Anyway I really enjoyed my morning in the creche and it brought to the end a fantastically stimulating and exhausting week in Bologna.

One comment

  1. oh Liz, you’ve put that so well – the difference between the creative and expressive – had not thought of it in that way before, but really get what you mean. I have seen dvds of this process – thanks Ruth!!! and did what i guess you would describe as an ‘expressive’ workshop with Robertto in London maybe 5 years ago – I really got alot out of it then, but now perhaps even more so. It makes more sense when you have children or work more closely with them – their need to physically and vocally express & explore themselves especially in that long stage before they can express themselves with accepted language.
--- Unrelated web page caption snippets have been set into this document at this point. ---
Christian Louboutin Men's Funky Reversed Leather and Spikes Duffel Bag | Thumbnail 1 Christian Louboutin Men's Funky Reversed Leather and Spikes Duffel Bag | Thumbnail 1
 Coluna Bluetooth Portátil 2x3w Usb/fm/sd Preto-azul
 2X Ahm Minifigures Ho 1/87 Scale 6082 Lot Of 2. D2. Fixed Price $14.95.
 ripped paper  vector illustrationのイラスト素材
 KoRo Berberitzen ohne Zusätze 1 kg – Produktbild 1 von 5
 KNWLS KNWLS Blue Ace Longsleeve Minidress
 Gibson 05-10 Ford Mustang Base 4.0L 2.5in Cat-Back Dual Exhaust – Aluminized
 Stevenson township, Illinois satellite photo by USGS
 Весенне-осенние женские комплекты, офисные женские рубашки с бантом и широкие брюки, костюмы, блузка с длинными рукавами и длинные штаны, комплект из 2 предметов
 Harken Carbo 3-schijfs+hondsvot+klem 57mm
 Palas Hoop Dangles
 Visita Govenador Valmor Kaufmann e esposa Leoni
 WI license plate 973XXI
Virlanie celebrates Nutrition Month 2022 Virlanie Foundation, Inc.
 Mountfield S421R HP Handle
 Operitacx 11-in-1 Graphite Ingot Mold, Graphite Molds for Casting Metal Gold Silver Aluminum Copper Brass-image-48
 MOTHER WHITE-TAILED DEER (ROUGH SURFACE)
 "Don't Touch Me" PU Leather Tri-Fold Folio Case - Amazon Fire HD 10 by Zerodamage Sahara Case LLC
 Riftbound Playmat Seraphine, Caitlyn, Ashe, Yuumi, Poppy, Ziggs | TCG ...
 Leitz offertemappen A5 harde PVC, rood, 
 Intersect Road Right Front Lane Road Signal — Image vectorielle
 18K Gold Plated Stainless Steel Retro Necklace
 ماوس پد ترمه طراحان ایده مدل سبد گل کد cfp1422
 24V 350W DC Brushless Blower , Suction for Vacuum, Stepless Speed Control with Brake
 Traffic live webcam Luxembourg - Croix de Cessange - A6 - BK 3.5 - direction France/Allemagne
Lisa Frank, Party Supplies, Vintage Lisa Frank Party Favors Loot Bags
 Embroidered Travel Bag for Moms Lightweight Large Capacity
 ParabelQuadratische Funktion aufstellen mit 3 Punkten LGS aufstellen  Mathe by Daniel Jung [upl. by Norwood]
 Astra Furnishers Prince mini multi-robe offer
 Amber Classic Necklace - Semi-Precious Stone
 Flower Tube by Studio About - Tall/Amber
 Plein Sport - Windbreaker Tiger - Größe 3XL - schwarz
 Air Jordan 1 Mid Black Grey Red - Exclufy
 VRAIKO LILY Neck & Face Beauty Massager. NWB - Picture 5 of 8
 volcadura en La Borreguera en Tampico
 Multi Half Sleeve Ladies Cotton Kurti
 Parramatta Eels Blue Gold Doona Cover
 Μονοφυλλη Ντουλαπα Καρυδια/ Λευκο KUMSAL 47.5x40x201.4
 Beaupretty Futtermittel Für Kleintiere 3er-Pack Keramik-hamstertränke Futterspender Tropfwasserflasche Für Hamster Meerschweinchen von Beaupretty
Working with adults to explore their expressivity though reminds me so much of exploring your ‘clown’ – what is ridiculous & funny about you – accepting what you have/who you are and enjoying making fun & pleasure out of it. And there are so many parallels between children and naive clowns (and I mean honest / true clowns by this not the guady face painted variety). Astrid has taken to wearing one of my red noses, not htat she needs it! – i laugh at the clown in her daily!!!!! Why can’t we laugh at ourselves more too – adults I mean…… well i could go on – obviously this has hit a chord with me!